[Opening Source material section]

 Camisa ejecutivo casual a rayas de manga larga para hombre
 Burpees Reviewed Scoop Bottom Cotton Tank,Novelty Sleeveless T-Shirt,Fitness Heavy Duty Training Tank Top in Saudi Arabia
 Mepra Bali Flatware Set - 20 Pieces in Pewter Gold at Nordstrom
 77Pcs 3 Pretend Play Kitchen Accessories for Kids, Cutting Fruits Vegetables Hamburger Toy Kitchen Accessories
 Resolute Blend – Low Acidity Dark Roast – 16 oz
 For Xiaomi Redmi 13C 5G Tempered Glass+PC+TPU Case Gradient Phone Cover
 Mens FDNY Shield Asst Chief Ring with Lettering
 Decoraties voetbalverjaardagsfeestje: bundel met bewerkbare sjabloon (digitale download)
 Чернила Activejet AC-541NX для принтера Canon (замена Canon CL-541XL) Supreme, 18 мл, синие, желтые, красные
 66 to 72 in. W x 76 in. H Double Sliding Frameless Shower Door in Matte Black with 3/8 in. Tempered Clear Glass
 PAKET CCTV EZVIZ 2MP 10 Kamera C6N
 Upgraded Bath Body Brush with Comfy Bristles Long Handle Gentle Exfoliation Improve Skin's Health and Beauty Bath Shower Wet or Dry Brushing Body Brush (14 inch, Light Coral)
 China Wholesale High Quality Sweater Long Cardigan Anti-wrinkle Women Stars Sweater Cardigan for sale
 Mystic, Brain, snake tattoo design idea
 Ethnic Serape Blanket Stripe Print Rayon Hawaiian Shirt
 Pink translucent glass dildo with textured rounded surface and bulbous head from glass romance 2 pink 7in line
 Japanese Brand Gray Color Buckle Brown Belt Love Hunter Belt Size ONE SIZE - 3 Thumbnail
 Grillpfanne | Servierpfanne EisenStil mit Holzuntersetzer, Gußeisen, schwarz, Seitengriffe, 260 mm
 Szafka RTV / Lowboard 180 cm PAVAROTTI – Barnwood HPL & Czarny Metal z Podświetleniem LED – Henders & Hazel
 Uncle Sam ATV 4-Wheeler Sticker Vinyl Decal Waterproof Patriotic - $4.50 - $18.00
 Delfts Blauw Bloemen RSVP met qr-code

[Closing Source material section]

** Task objective **
Return exactly the lines that run from the top of the listing above to the line containing "Japanese Brand Gray", please, keeping both end lines and leaving out everything else.

** Solution to the exercise **
 Camisa ejecutivo casual a rayas de manga larga para hombre
 Burpees Reviewed Scoop Bottom Cotton Tank,Novelty Sleeveless T-Shirt,Fitness Heavy Duty Training Tank Top in Saudi Arabia
 Mepra Bali Flatware Set - 20 Pieces in Pewter Gold at Nordstrom
 77Pcs 3 Pretend Play Kitchen Accessories for Kids, Cutting Fruits Vegetables Hamburger Toy Kitchen Accessories
 Resolute Blend – Low Acidity Dark Roast – 16 oz
 For Xiaomi Redmi 13C 5G Tempered Glass+PC+TPU Case Gradient Phone Cover
 Mens FDNY Shield Asst Chief Ring with Lettering
 Decoraties voetbalverjaardagsfeestje: bundel met bewerkbare sjabloon (digitale download)
 Чернила Activejet AC-541NX для принтера Canon (замена Canon CL-541XL) Supreme, 18 мл, синие, желтые, красные
 66 to 72 in. W x 76 in. H Double Sliding Frameless Shower Door in Matte Black with 3/8 in. Tempered Clear Glass
 PAKET CCTV EZVIZ 2MP 10 Kamera C6N
 Upgraded Bath Body Brush with Comfy Bristles Long Handle Gentle Exfoliation Improve Skin's Health and Beauty Bath Shower Wet or Dry Brushing Body Brush (14 inch, Light Coral)
 China Wholesale High Quality Sweater Long Cardigan Anti-wrinkle Women Stars Sweater Cardigan for sale
 Mystic, Brain, snake tattoo design idea
 Ethnic Serape Blanket Stripe Print Rayon Hawaiian Shirt
 Pink translucent glass dildo with textured rounded surface and bulbous head from glass romance 2 pink 7in line
 Japanese Brand Gray Color Buckle Brown Belt Love Hunter Belt Size ONE SIZE - 3 Thumbnail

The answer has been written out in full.